でも、誰の指揮の、どの楽団の、どの曲が「買い」なのか分からず、薄らぼんやりしていたら!
シベリウスをフィンランド放送交響楽団…うわーっ。そんなベタに「当たり」ぽい演奏会があったとは。不覚。
とりあえず私は、5月の「ラ・フォル・ジュルネ」でお手軽にシベリウスを聴くことにします。
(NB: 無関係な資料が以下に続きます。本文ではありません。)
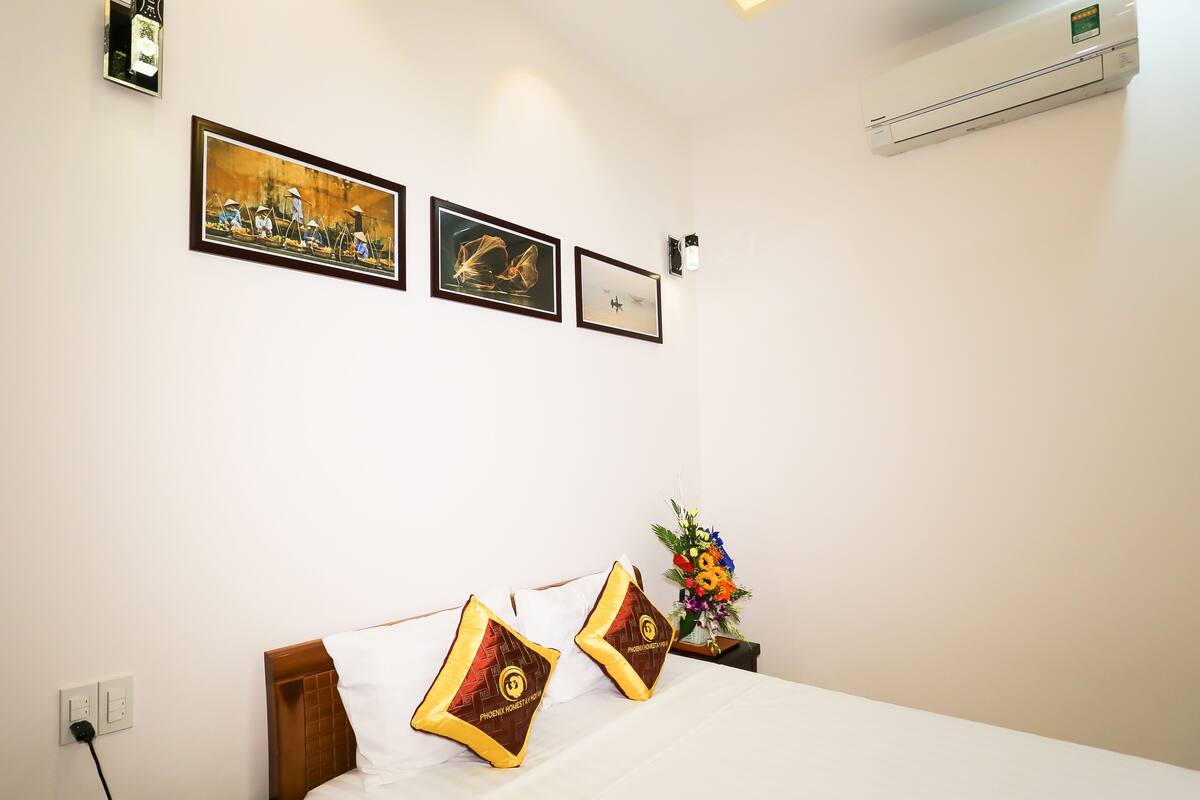 A hotel room with a bed, two pillows, a nightstand with a vase of flowers, and three framed pictures on the wall.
たぶん(笑)
 
 
 
Unknown (はろるど)
2007-02-19 01:01:16
菊花さんこんばんは。

>メモリアル・イヤー(没後50年)なので、いろんな音楽会でシベリウス

思ったより取り上げられないなというのが印象です。
この分では、昨年のショスタコの方が盛り上がったかもしれませんね。

>ベタに「当たり」ぽい演奏会があったとは。

確かにベタでしたが当たりでした!
熱狂は先日プログラムが発表されましたね。
まだチェックしていないのですが、
そちらでもシベリウスが聴ければと思います。
(何か良さそうものがありましたか?)
 
 
 
オラモという指揮者 (oki)
2007-02-22 21:50:42
CDショップに行ったらブラームスの二番とベートーヴェンの運命を組み合わせたCDが発売されていました、選曲が面白いですね。
はろるどさんは実演を聴かれたわけですが、実演とスタジオ録音で人が変わるようになる指揮者は数多くいますから、ドイツ音楽へのアプローチとともにこの人の演奏を楽しみたいです、CDは購入してまだ未開封ですがー。
 
 
 
Unknown (はろるど)
2007-02-23 00:32:09
okiさん、こんばんは。

>ブラームスの二番とベートーヴェンの運命

重厚なカップリングですね。
フィンランド放送響とのものでしょうか。熱演になりそうです。

>ドイツ音楽へのアプローチとともにこの人の演奏を楽しみたいです

そうですね。
私はお国ものだけを今回楽しんだわけですが、
彼が独墺系をどう料理するかも気になるところです。
CDでも少し追っかけてみたいですね。
 
 
 
Unknown (oki)
2007-02-27 10:15:33
CD聴きました。
オラモはかなりおとなしい演奏をしていますね。
ブラームスでもベートーヴェンでも気負ったところがないのはいいのですが、迫力に乏しいです。
ライブ録音のようで拍手が収められていますが、拍手がなければライブとわからないほど雑音はない。
レコード芸術などでどう評価されたのでしょうか?
 
 
 
Unknown (はろるど)
2007-03-01 22:04:14
okiさんこんばんは。
お返事が遅れてしまい申し訳ありません。
コメントありがとうございました。

>迫力に乏しいです。

CDでは大人しい演奏でしたか。
実演ではとても力強い感触だったので、
それは少々意外です。

>レコード芸術などでどう評価

どうなのでしょうか。
あまりオラモの名前が積極的に出ている印象はありません…。
これからの方、というような位置付けかもしれませんね。